Renatão, maravilhozérrima figura humana, patrimônio material e imaterial de Ubaitaba, antiga Itapira, os saudosos Miguel Tannus, Zé Vermelho e tantos outros atestavam, rindo-se descaradamente que ele deflorou umas duas ou três gerações de circunspectos itapirenses e ubaitabenses. Anos mais tarde precisei pernoitar em Ubaitaba e meu tio Hugobaldo me recomendou o hotel de Renatão, mas me advertiu; “cuidado, Renatão é um cabra meio atrapaido.”
Era um casarão um tanto sombrio e quando me apresentei como filho de Hildebrando ele desdobrou-se em solicitudes, tomamos umas cervejas, debatemos Jorge Amado, política, o preço do cacau e nossas mazelas em geral e ele me garantiu:
“O seu pai, Julival e Odilon são verdadeiros mecenas protetores do esporte, das artes e da cultura em geral”, depois ele fez questão de conduzir-me até o quarto para dar uma revisada e ver se lençóis e travesseiros estavam a meu contento, sem terceiras intenções, recatada leitora.
As “pranchas” eram caminhões com as carrocerias estilizadas com bucólicos cenários onde Apolos, Sátiros, Ninfas, Odaliscas, jovens mancebos e donzelas da sociedade deslumbravam-nos com seus incontestados atributos físicos e espirituais, numa das “pranchas” o próprio Renatão posava de nobre ou deus romano, gordão com uma incólume toga e a cabeça cingida com uma coroa de folhas e flores de laranjeira, empunhava um barrete dourado e distribuía galhardamente beijos para a multidão.

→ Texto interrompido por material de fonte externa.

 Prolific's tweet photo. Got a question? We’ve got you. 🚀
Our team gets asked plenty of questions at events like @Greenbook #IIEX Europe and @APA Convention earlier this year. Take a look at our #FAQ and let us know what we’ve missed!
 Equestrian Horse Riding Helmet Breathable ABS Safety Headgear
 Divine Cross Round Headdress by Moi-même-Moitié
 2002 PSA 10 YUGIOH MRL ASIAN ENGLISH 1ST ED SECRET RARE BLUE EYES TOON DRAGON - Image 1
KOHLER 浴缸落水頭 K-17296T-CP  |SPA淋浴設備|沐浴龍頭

Meu irmão Osman, que era um pouco impressionável, deslumbrou-se e comentou; “parece um papa.” Realmente um magnífico desfile que só “doidos” ou verdadeiros mecenas como meu pai, seu Dila e seu Juju conceberiam naqueles idos de precárias estradas, foi um marcante acontecimento.
Fui a um baile infantil com o meu filho e um seu colega, nestes tempos de lei seca fiquei bebericando uma garrafa d’água, me instruindo com as fantasias da criançada, um banguelo atrevido me jogou uma serpentina, devolvi-a piruetando e foi o que bastou para ele pegar no meu pé me fantasiando de confetes e serpentinas. Confesso que fiquei tentado a rodopiar pelo salão, as velhas marchinhas são deliciosas e fiquei observando as letras.

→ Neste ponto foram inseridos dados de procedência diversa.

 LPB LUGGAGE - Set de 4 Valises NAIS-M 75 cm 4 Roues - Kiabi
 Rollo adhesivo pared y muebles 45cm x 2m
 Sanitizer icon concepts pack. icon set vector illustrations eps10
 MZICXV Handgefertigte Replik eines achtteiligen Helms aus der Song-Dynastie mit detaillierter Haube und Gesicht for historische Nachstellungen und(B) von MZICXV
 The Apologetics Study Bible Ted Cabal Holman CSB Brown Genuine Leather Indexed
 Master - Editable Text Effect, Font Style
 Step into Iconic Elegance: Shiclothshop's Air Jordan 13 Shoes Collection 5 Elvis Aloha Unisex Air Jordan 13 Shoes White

Você ta pensando que cachaça é água.
Alá! Meu Bom Alá.
Se a canoa não virar. Eu chego lá
O teu cabelo não nega. Mulata.
Me dá um dinheiro aí.
Olha a cabeleira do Zezé, será que é homem ou mulher
Será que é Maomé? Parece que é transviado
Mas isso eu não sei se ele é.
Corre, corre lambretinha
Aí não resisti e resolvi tomar uma cerveja; e fiquei matutando nesta veadagem politicamente correta, será que vai chegar o tempo em que vão expurgar estas marchinhas dos bailes infantis porque atentam contra o profeta, os gêneros e afrodescendentes?
Será que almejam ordenar os amores e as alegrias?